Drive Time: Hybrid charges up Pacifica claim
August 11, 2017
Its claim of segment-leading minivan for Chrysler's year-old Pacifica has been charged up with the showing of a plug-in hybrid version.
No minivan has been in the hybrid mix before.
I drove to Newport Beach, Calif., a year ago for introduction of the gasoline-powered Pacifica, which was of improved stature in replacing the near-three-decades-old Town & Country minivan.
It earned plaudits all over the country for its 287-horsepower V-6 engine, with rotary dial shifter to control its 9-speed automatic transmission, 28-miles-per-gallon fuel rating on the highway, sliding side doors with push of a button, power liftgate, longer and wider passenger space, 20-speaker sound system, even a built-in vacuum for cleaning every nook and corner.
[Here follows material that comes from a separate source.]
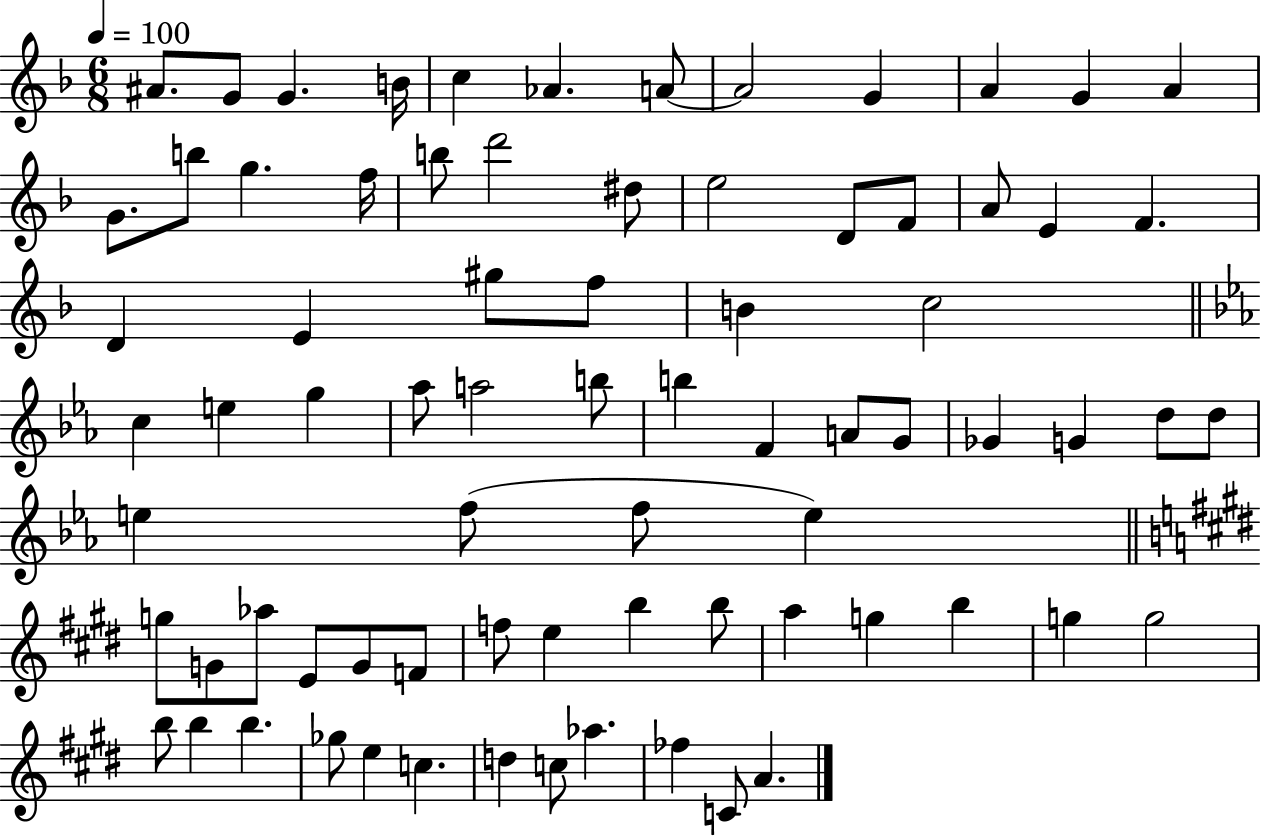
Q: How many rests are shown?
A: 0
Coming my way last week was the '17 Pacifica Hybrid Platinum model. Pistons, valves and camshafts have been modified in the more-efficient Atkinson cycle for the 3.6-liter V-6, as two electric motors contribute to the overall horsepower in the plug-in hybrid. It operates with an electrically variable transmission in place of the 9-speed, and a battery pack beneath the second row of seats is charged from a plug-in port in the left front fender.
On a drive of the hybrid to DIA Saturday evening to pick up Darrel and Carolyn Davis, returning from a two-week trip, I re-set the mileage computer at Brighton. All electricity had been expended from the battery pack, so the only source of power, in addition to the gas engine, was electricity produced by the car's regenerative braking system. From Brighton to DIA and back to Greeley, the 82-mile distance was split 61 by gas engine and 21 by electricity, with an overall average of 30.4 miles per gallon.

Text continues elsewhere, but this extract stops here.